I could definitely see why Phil would call me a “vocal opponent of most of online education,” but that’s not how I see myself. If Phil’s and my mutual online friend Kate has taught me anything it’s that my beef isn’t really with online education per se. It’s with the motivations of the people in the United States who have the power to implement it. To paraphrase the NRA badly, “Online education doesn’t kill. People do.”

Take Mitt Romney, for example. Just yesterday he told a crowd in Michigan (via Political Animal):

I will improve schools and universities and colleges with greater choice, greater accountability, and greater application of the technologies that have transformed so much of our economy.

Based on Mitt’s record at Bain Capital that sounds like an open door for online adjuncts in China. It also reminds me of the Republican Party’s plan for government in general. First they take it over. Then they run it into the ground (profiting handsomely along the way). Then they run again on a platform of more of the same because government doesn’t work.

I know from my extensive reading that an awful lot of people working on online education in this country have the purest of motives, but they aren’t the ones who control university budgets. Those people seem more interested in sabotage to me. Perhaps not sabotage of education in general, but certainly sabotaging the prerogatives of faculty.

* None of these thoughts are original to me, by the way. See, for example, this post by Zunguzungu in order to watch the entire train wreck unfold in 140-character bites.





Eve of destruction?

9 03 2012

Why do so many people these days get their jollies contemplating the destruction of my job? Take, this guy, for instance:

I think what you see happening now with the massive open courses is going to fundamentally change the business models. It’s going to put the notion of value front and center. Why would I want a credential from this university? Why would I want to pay tuition to this university?

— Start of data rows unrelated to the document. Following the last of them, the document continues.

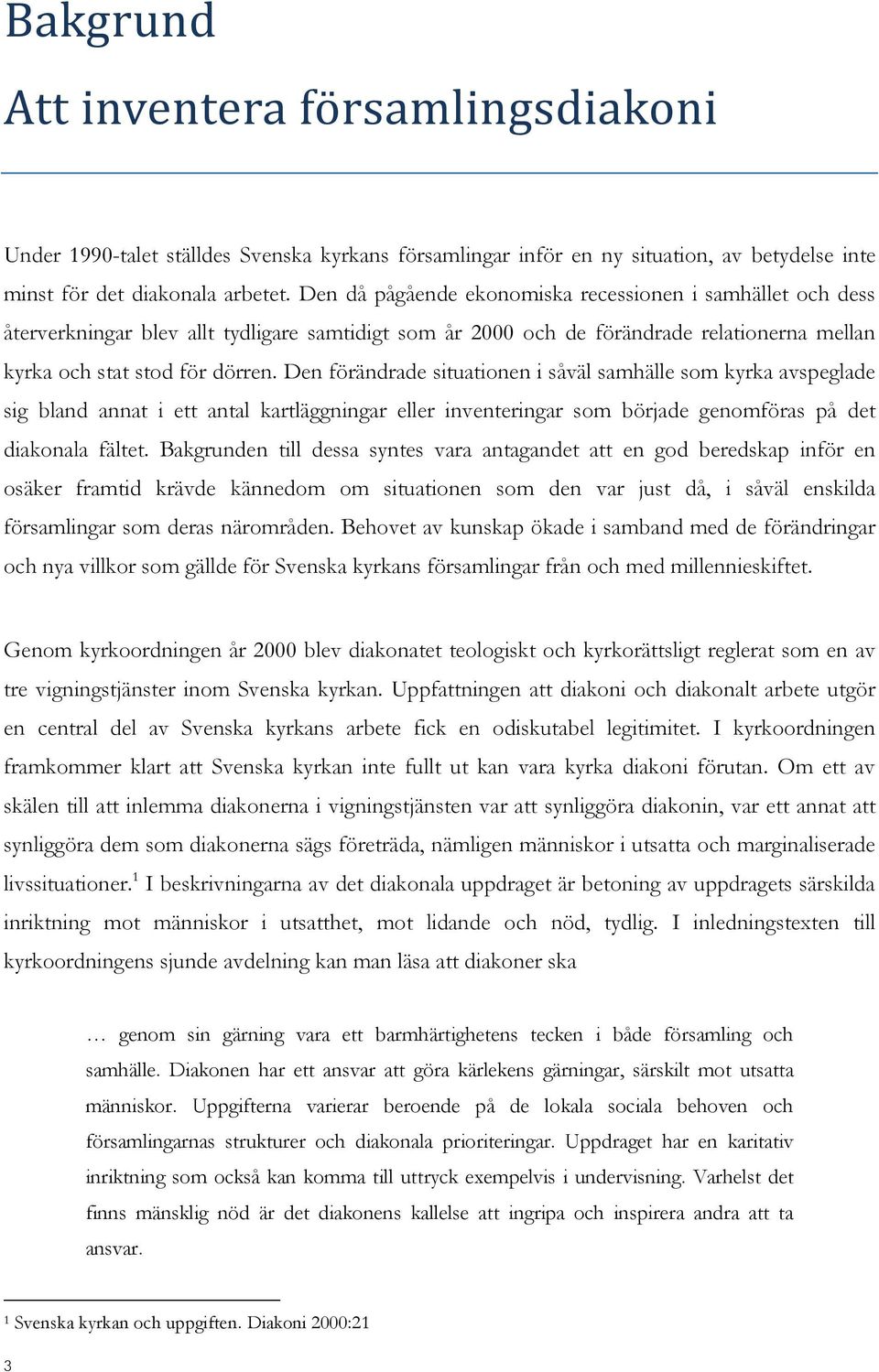 Den förändrade situationen i såväl samhälle som kyrka avspeglade sig bland annat i ett antal kartläggningar eller inventeringar som började genomföras på det diakonala fältet.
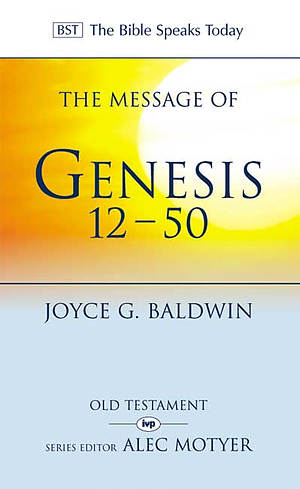 The Message of Genesis 12-50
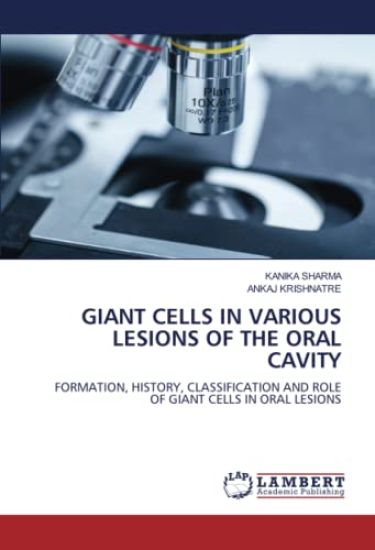 GIANT CELLS IN VARIOUS LESIONS OF THE ORAL CAVITY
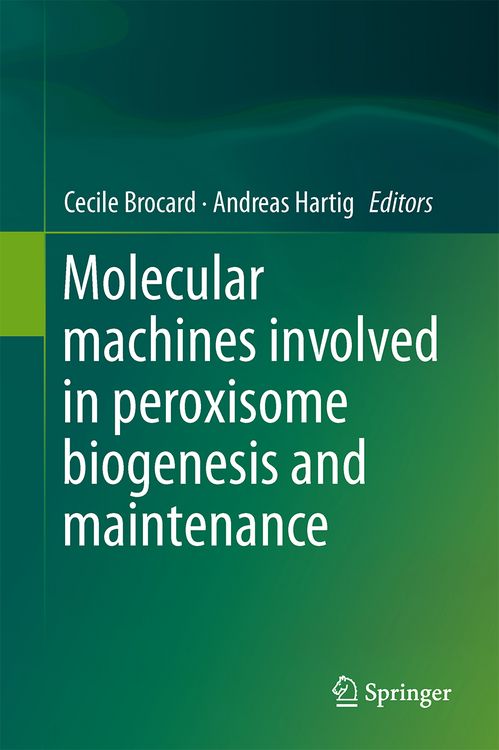 Produktbild: Molecular Machines Involved in Peroxisome Biogenesis and Maintenance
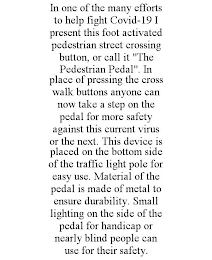 IN ONE OF THE MANY EFFORTS TO HELP FIGHT COVID-19 I PRESENT THIS FOOT ACTIVATED PEDESTRIAN STREET CROSSING BUTTON, OR CALL IT "THE PEDESTRIAN PEDAL". IN PLACE OF PRESSING THE CROSS WALK BUTTONS ANYONE CAN NOW TAKE A STEP ON THE PEDAL FOR MORE SAFETY AGAINST THIS CURRENT VIRUS OR THE NEXT. THIS DEVICE IS PLACED ON THE BOTTOM SIDE OF THE TRAFFIC LIGHT POLE FOR EASY USE. MATERIAL OF THE PEDAL IS MADE OF METAL TO ENSURE DURABILITY. SMALL LIGHTING ON THE SIDE OF THE PEDAL FOR HANDICAP OR NEARLY BLIND PEOPLE CAN USE FOR THEIR SAFETY.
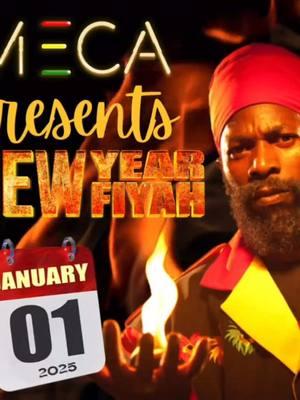 R-U READY for NEW YEAR FYAH?🔥🔥🔥 #capletonliveinconcert🔥🔥🔥🔥 Wednesday January 1, 2025 NEW YEAR FYAH 🔥🔥🔥presented by  @themecaja & @gabbidon_billboard_dancer  🗓️Wednesday January 1, 2025 🕚Doors Open: 11PM 📍MECA, 67 Constant Spring Road 🇯🇲 This is the ultimate New Year’s party you’ve been waiting for with @capletonmusic @teejay.uptopboss 🔥🔥 🎧EPIC DJ LINEUP: @world_boom @gamechangaz876 Ruxie, Cardo & Yokie 🔗BUY 🎟️ Tickets: WWW.THEMECAVERSE.NET General: $2500 JMD 🇯🇲 VIP: $3500 JMD 🇯🇲 #meca #capleton #kingshango #gabbidon #reggae #teejay #teejayuptopboss #newyear #fire #dancehall #mecaistheculture #newyears #newyear2025 #clubmeca #marketplaceentertainmentcenterforthearts #marketplaceentertainment #tiktokjamaica #fy #fypviral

I don’t know…perhaps because you want more than a vocational education. Because you think you’ll learn more in a class with fewer than 10,000 people in it. Because you want to move out of your parents’ house as soon as possible. Because you’re interested in the humanities. [As far as I know, it is still very difficult to study the cello online.]

Then there’s this guy:

The high school senior who stood up at Mitt Romney’s town hall meeting here today was worried about how he and his family would pay for college, and wanted to hear what the candidate would do about rising college costs if elected. He didn’t realize that Mr. Romney was about to use him to demonstrate his fiscal conservatism to the crowd.

The answer: nothing.

Mr. Romney was perfectly polite to the student. He didn’t talk about the dangers of liberal indoctrination on college campuses, as Rick Santorum might have. But his warning was clear: shop around and get a good price, because you’re on your own.

“It would be popular for me to stand up and say I’m going to give you government money to pay for your college, but I’m not going to promise that,” he said, to sustained applause from the crowd at a high-tech metals assembly factory here. “Don’t just go to one that has the highest price. Go to one that has a little lower price where you can get a good education. And hopefully you’ll find that. And don’t expect the government to forgive the debt that you take on.”

Daniel Luzer explains why this answer is, as the English like to say, bollocks:

Since 1980, the cost of public universities, adjusted for inflation, has tripled. And so if the state doesn’t fund the public colleges very well, as the former governor of Massachusetts might understand, students just pay more for college. There’s no “shopping around” and “going to one that has a little lower price where you can get a good education” that will fix that problem.

Sign everybody up for MOOCs and taxpayers won’t have to foot the bill for anyone’s higher education and higher education as we know it will be dead. Force students to pursue the ever-elusive excellence without money and the effect will be the same. It will just take a little longer.